What the task asks:
Transcribe every entry verbatim; omit pictures.

Source material:

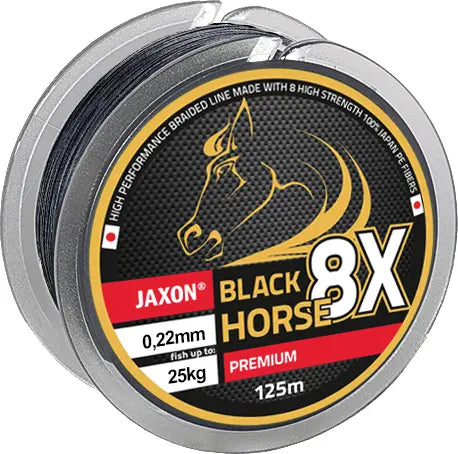 Jaxon Fir Textil Black Horse Pe 8x Premium 125m 0.14mm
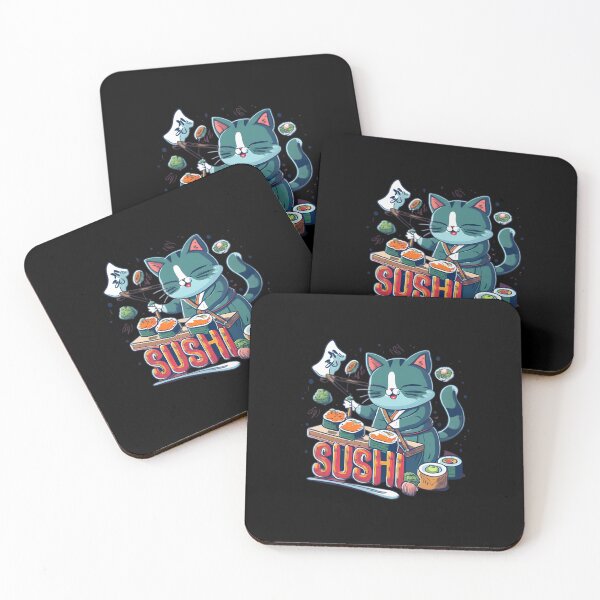Item preview,  Cat Making Sushi Japan designed and sold by Dravienart.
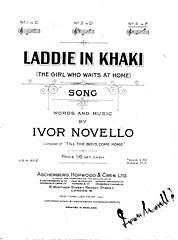 DL: I. Novello: Laddie In Khaki, GesKlav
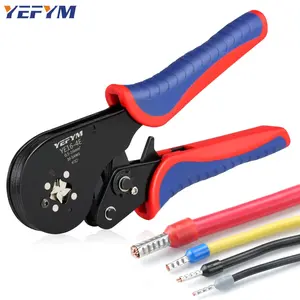 Adaptive Ratchet Ring Crimp Tool for Awg 20-5, Four-Sided Wire Crimper, High Carbon Steel Design, Comfortable Handle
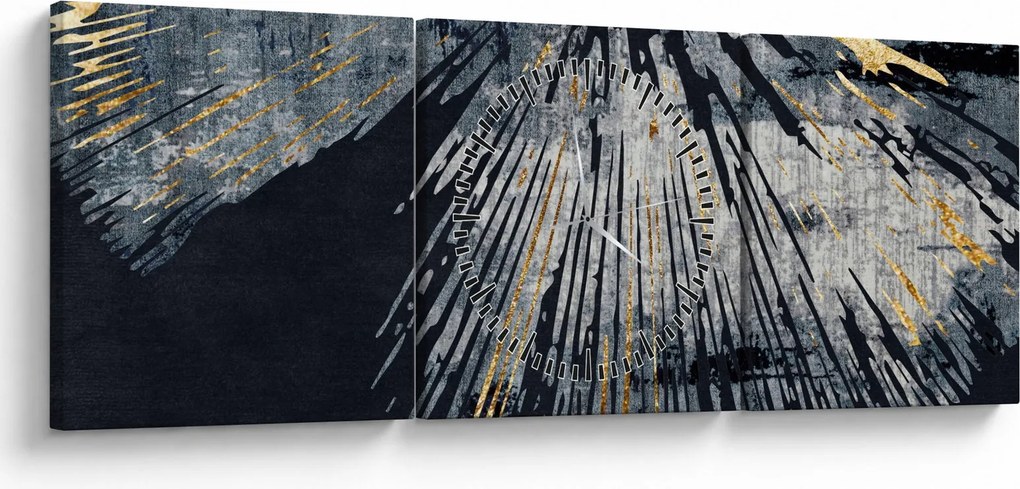 Tablou - Abstract (cu ceas) (90x30 cm)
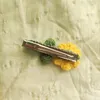 Hair Clips 10pcs Handmade Knitting Yellow Sunflower Alligator Accessories Crochet Daisy Flower Clamp Clasp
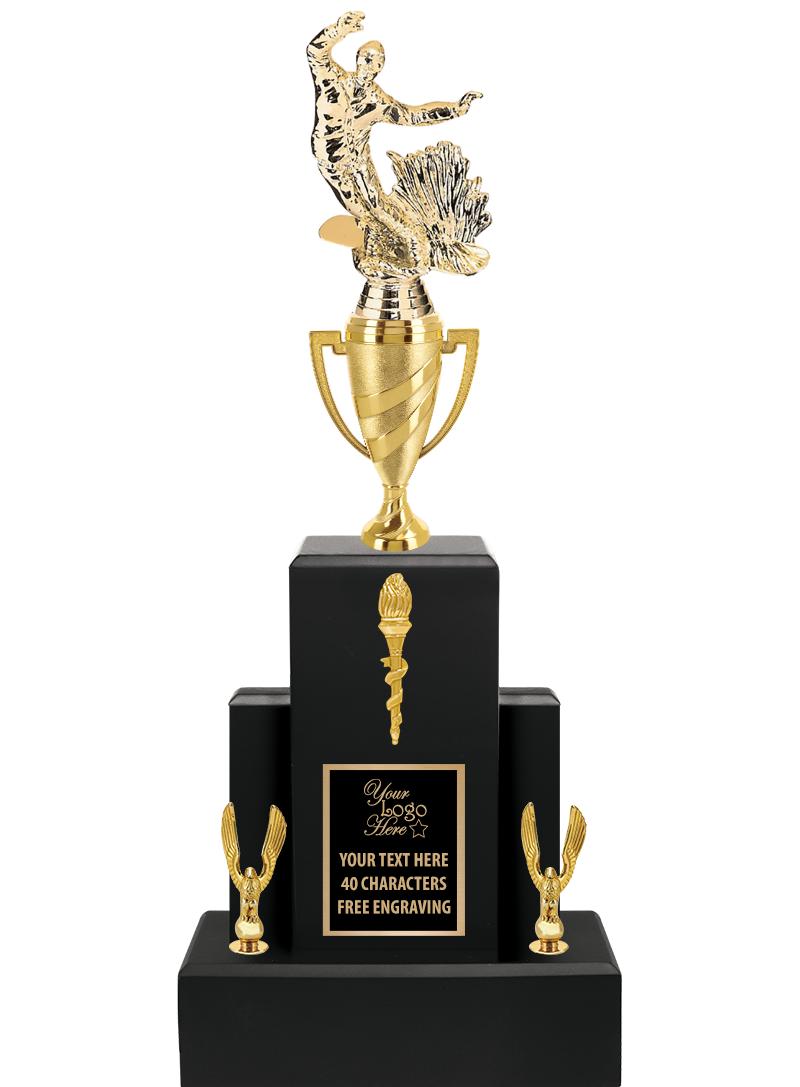 20.75" BLACK WOOD TRP/GOLD CUP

Written response:
 Jaxon Fir Textil Black Horse Pe 8x Premium 125m 0.14mm
Item preview,  Cat Making Sushi Japan designed and sold by Dravienart.
 DL: I. Novello: Laddie In Khaki, GesKlav
 Adaptive Ratchet Ring Crimp Tool for Awg 20-5, Four-Sided Wire Crimper, High Carbon Steel Design, Comfortable Handle
 Tablou - Abstract (cu ceas) (90x30 cm)
 Hair Clips 10pcs Handmade Knitting Yellow Sunflower Alligator Accessories Crochet Daisy Flower Clamp Clasp
 20.75" BLACK WOOD TRP/GOLD CUP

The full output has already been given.